## WORK REQUEST
Transcribe exactly the stretch of lines beginning at the one containing "Hi, welcome to" and closing with the last line of the entries below. Omit images.

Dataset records
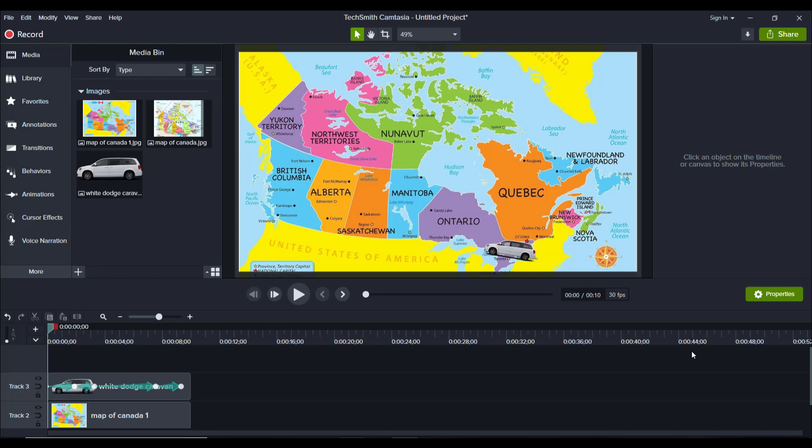Hey guys, how's it going? It's Jewel Tolentino here. In this video, I'm going to show you guys how to do some advanced custom animations in Camtasia 2020.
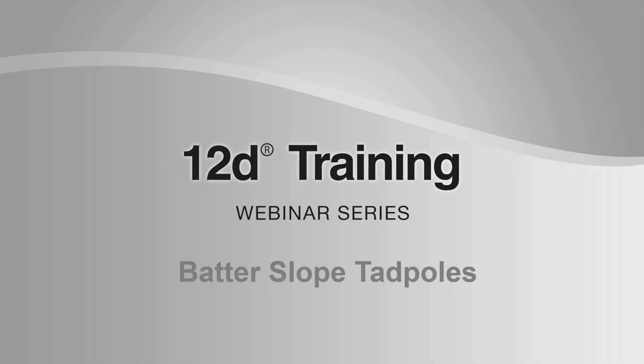Hi everyone, welcome to the 39th webinar in 12D's training webinar series. My name is Lisa Stewart and I'm the Marketing and Communications Coordinator at 12D Solutions.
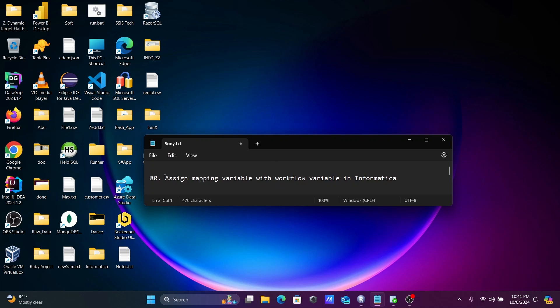In this video lecture I am going to discuss about how to assign a mapping variable with a workflow variable in Informatica PowerCenter. This is video lecture 18 of this Informatica class series.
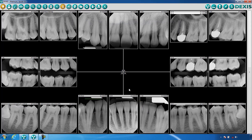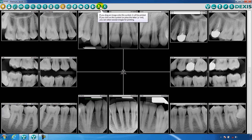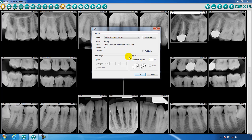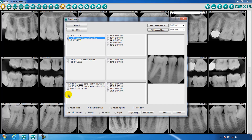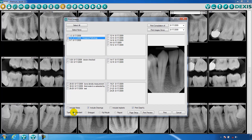Printing, much like the export function, allows you to select the images that you would like to print and gives you a variety of options: standard print, enlarge print, full mouth print, and print a report. You could also print a preview.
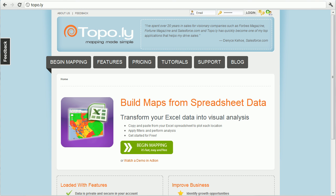Hi, welcome to Toppoli. I'm going to take a couple minutes and show you how easy it is to get started building your maps straight from your spreadsheets, so you can visualize your data and actually do all kinds of analysis with that. Go ahead and go to toppoli.ly.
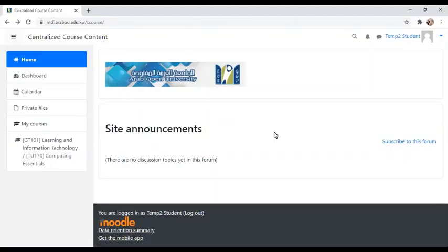Hello AOU students. Today I'll walk you through connecting Moodle to Connect, or integrating them together, with a few clear steps.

## RESPONSE BOX
Hi, welcome to Toppoli. I'm going to take a couple minutes and show you how easy it is to get started building your maps straight from your spreadsheets, so you can visualize your data and actually do all kinds of analysis with that. Go ahead and go to toppoli.ly.
Hello AOU students. Today I'll walk you through connecting Moodle to Connect, or integrating them together, with a few clear steps.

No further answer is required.